International career
Rekdal has 83 games for the Norway national team, after his debut against Italy in 1987, and played in two FIFA World Cups (1994 and 1998). He scored 17 goals for the national team, among those a long-range goal at Wembley against England in 1992, the only goal in the game as Norway beat Mexico in the 1994 World Cup, and a penalty in the 1998 World Cup against Brazil to win the game 2–1, prompting the commentator to say how "the man with the yellow boots has hurt those wearing the yellow shirts...Delight for Egil Olsen". The two World Cup goals make him the highest scoring Norwegian in World Cup history, with one goal more than Arne Brustad, Dan Eggen, Håvard Flo and Tore André Flo.

Coaching career

Vålerenga
Rekdal has proven himself a successful coach, leading Vålerenga from relegation in 2001, and famously weeping as his team avoided relegation the following year and back into position as one of the dominating clubs in the Tippeligaen. In 2004, he led the team to second place, losing the first place on goal difference to Rosenborg, and in 2005, his team finally won the league for the first time in 21 years, ending Rosenborg's 13-year reign as champions of Norway. along the way receiving legend-status in the club, partly due to the fact that he refused an offer of a six-digit coaching salary in order to help the club financially.

Lierse
Rekdal resigned as coach at Vålerenga on 21 August 2006, following a string of poor results. He was appointed manager of his former club Lierse on 21 November 2006. When he arrived at the club, Lierse lay bottom of the table with only two points in fifteen matches. At the end of the season, they ended up with 26 points and avoided direct relegation. In the play-offs, Lierse only managed to win three of their six matches and were relegated to the Second Division after all.

1. FC Kaiserslautern
In May 2007, Rekdal signed on to manage Kaiserslautern in the German 2. Bundesliga. He left the club in early February of the following year, the club lying in sixteenth place.

Aalesund
He joined forces with Norwegian top flight outfit Aalesund in 2008 after moving back to Norway. Joining the club mid-season, he found Aalesund lying in a relegation spot, but managed to get a relegation play-off spot, where Aalesund beat challengers Sogndal 7–2 on aggregate, thereby securing a new season in the Tippeligaen. In 2009, he led Aalesund to the club's first victory in the Norwegian Cup, where they beat arch rivals Molde 3–2 after a penalty shootout in the final. In 2010, he led the club to the fourth place in Tippeligaen, the club's best result ever.
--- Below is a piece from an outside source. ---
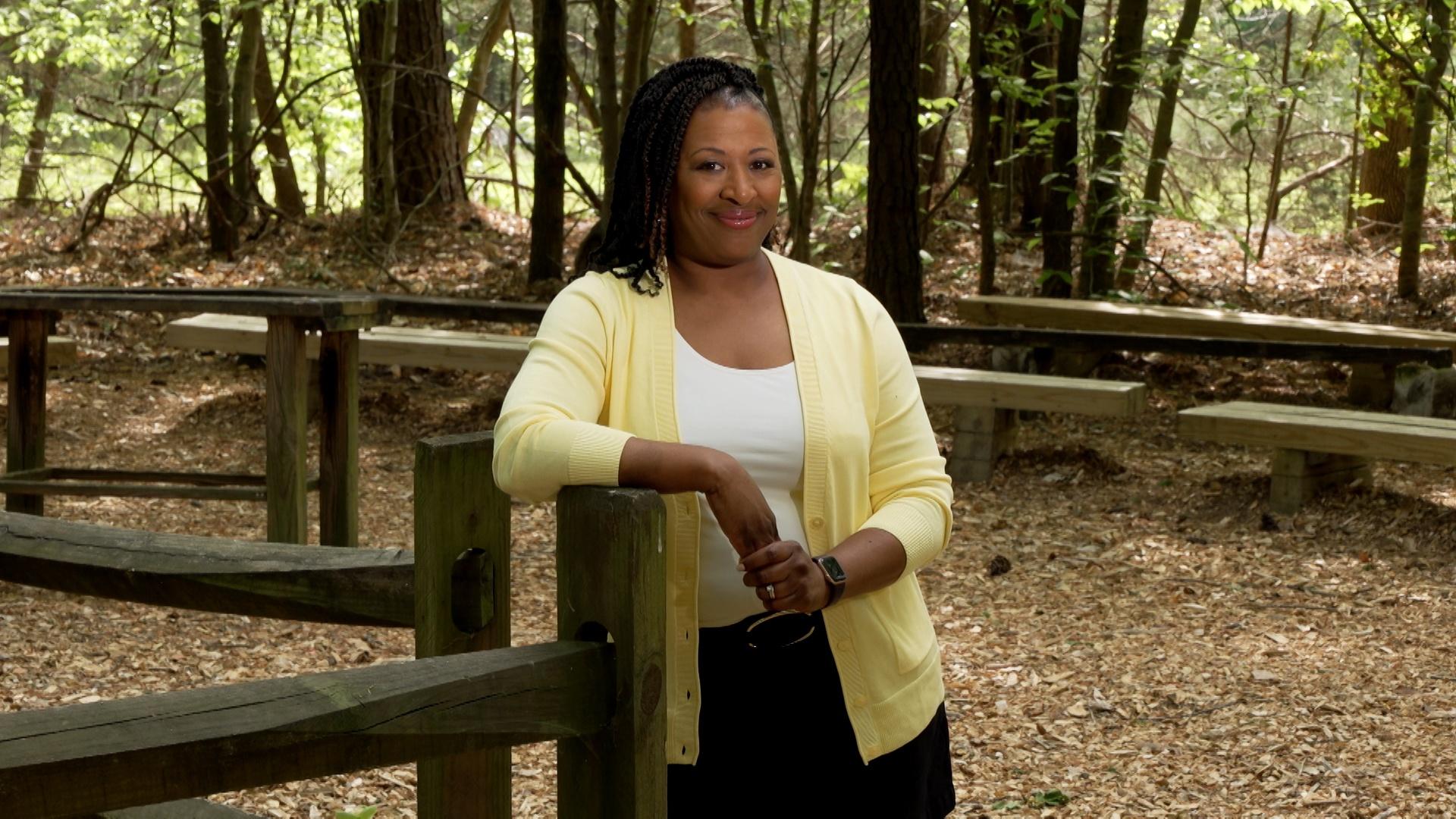 Deborah Holt Noel, host of NC Weekend, leans up against a wooden fence in the forest.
In 2011, he received wide praise when his club came close to the historic feat of qualifying for the 2011–12 UEFA Europa League, losing the last play-off game to the Dutch side AZ Alkmaar, having won the first leg 2–1. The same year he again led Aalesund to win the Norwegian Cup Final, thereby securing a UEFA Europa League qualification spot for the third consecutive year. His contract with Aalesund was terminated on 26 November 2012.
After he won his second Norwegian Cup with Aalesund in three years, he was once again said to take over as national team coach after Drillo.

On 26 November 2012, the board of directors of Aalesund announced the termination of Rekdal's contract. The board stressed that it was not due to the season results, but rather as a result of a general review. Analysts noted that the sacking was likely a result of a power struggle within the club between Rekdal, the sports director and the chairman of the board.

Return to Vålerenga
Rekdal started his second tenure for Vålerenga, when he was appointed as head coach on 8 January 2013.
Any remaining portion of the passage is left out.